Write each line word for word, from the line that contains "Мотоцикл Kawasaki Ninja ZX-10R Blue-фото6" through the last line of the material below.
(RECORDS FOR THIS TASK Opens)
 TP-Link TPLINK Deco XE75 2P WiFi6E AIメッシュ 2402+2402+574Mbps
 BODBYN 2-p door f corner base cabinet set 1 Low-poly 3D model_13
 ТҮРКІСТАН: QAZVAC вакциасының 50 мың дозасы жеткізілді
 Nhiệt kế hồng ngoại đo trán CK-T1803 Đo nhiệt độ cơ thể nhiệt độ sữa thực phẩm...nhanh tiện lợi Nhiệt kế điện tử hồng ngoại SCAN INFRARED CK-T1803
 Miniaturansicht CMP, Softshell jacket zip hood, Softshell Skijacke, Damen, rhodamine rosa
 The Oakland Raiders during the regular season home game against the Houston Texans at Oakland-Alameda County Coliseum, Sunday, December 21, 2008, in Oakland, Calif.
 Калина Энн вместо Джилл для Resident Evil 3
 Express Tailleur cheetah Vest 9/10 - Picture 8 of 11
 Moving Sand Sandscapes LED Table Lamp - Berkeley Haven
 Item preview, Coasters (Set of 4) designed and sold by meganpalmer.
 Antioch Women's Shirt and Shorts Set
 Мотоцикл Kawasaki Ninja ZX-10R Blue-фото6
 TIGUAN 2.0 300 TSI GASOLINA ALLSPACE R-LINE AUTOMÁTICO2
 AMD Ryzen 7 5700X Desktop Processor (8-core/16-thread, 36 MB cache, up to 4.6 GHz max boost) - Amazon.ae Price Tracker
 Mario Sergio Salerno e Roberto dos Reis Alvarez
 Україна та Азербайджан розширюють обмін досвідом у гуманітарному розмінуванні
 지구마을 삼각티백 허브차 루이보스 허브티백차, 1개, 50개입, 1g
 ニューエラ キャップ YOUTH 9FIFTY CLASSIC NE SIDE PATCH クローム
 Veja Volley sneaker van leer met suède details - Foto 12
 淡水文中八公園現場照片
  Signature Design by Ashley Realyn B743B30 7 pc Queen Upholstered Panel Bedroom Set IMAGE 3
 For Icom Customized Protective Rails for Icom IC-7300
(RECORDS FOR THIS TASK Closes)
= RESULT OF THIS EXERCISE =
 Мотоцикл Kawasaki Ninja ZX-10R Blue-фото6
 TIGUAN 2.0 300 TSI GASOLINA ALLSPACE R-LINE AUTOMÁTICO2
 AMD Ryzen 7 5700X Desktop Processor (8-core/16-thread, 36 MB cache, up to 4.6 GHz max boost) - Amazon.ae Price Tracker
 Mario Sergio Salerno e Roberto dos Reis Alvarez
 Україна та Азербайджан розширюють обмін досвідом у гуманітарному розмінуванні
 지구마을 삼각티백 허브차 루이보스 허브티백차, 1개, 50개입, 1g
 ニューエラ キャップ YOUTH 9FIFTY CLASSIC NE SIDE PATCH クローム
 Veja Volley sneaker van leer met suède details - Foto 12
 淡水文中八公園現場照片
  Signature Design by Ashley Realyn B743B30 7 pc Queen Upholstered Panel Bedroom Set IMAGE 3
 For Icom Customized Protective Rails for Icom IC-7300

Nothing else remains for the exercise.